How does this happen? Insight comes from the December 12 podcast of Shankar Vedantam’s radio show “Hidden Brain” where the host tries to help us understand what makes homo sapiens “tick.” The guest was University of Connecticut anthropologist Dimitris Xygalatas and the topic wasn’t Christmas but an “Ancient Guide to Modern Problems.” The root of Dr. Xygalatas point was that every society loves to celebrate group rituals and will often go to absurd lengths to replicate traditions which long ago lost their common sense utility. His examples included firewalkers in Spain (yes you can walk on 1500 degree coals when it’s a tradition) and groups in India and Greece who think nothing of contracting huge debt at usurious rates to fund a wedding event they cannot afford.
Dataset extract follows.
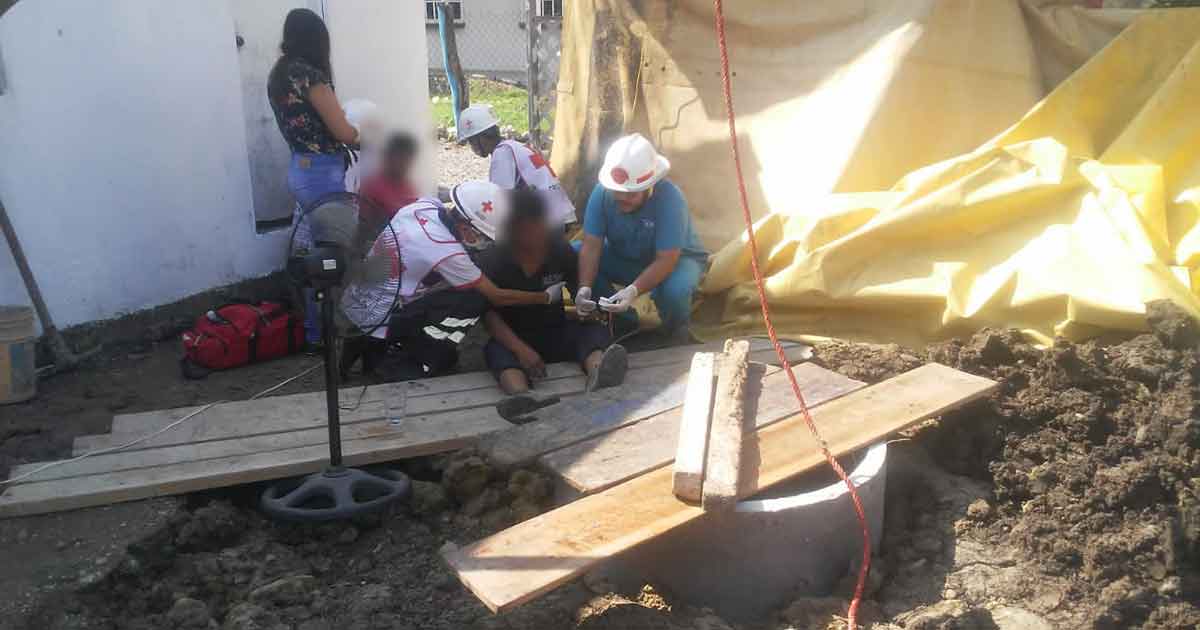 Rescatan a dos personas Del fondo de un pozo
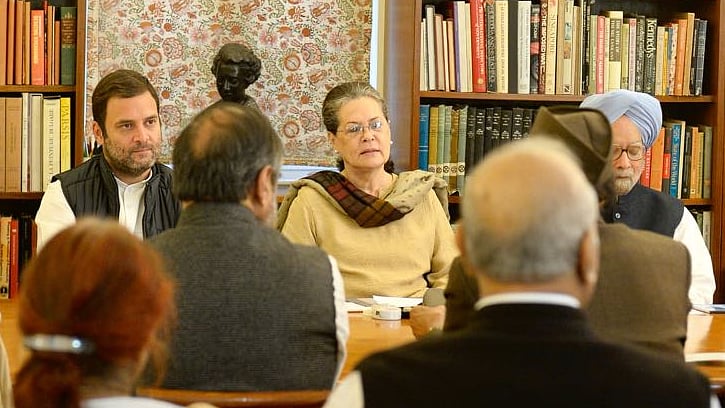 Congress leaders Rahul Gandhi, Sonia Gandhi and former Prime Minister Manmohan Singh at the CWC meet on 20 November.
Xygalatas gave a nod to the celebrations associated with the World Cup where communal celebrations inside the stadium often delay the game. No one cares because it’s not about the game but the shared moment with 45,000 other fans. Xygalatas just published a book titled “Ritual: How Seemingly Senseless Acts Make Life Worth Living.”

What is Thanksgiving? Ritual. Christmas? Ritual. Dad actually enters the kitchen and produces not just a beer but “the Seven Fishes.” We binge watch movies about Christmas; make forgettable tomato aspic or latkes. We endure Aunt Betty’s stories about her annual trek to Radio City. And, there is the inevitable question of “lasts”. This could be gramps last Christmas, right?
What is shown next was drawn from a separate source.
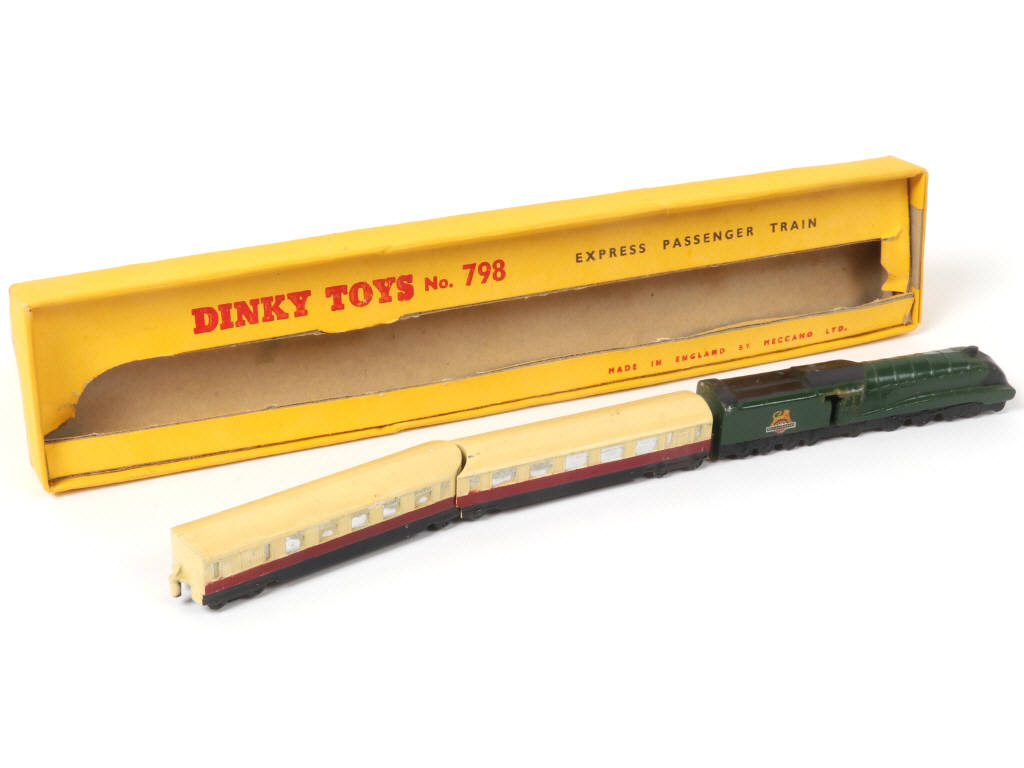 Lot 353 - DINKY TOYS (GB) (1)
So, we become invested in these rituals just as the world embraced the importance that Lionel Messi (an Argentine soccer player for the couple of us who don’t know) bring the World Cup home for his native Argentina even though he has lived in Spain most of his life. Ritual is about perception and not reality. If you are a parent who is separated or divorced with kids, we can accept the fact that you cannot or will not walk on hot coals. We can even accept the fact that your World Cup aspirations were thwarted by that planter fasciitis you developed in high school. But you mean that you can’t even produce the grandkids for the Seven Fishes on Christmas Eve? Why by this time next year Gramps could be swimming with the fishes; he’s 90 something isn’t he?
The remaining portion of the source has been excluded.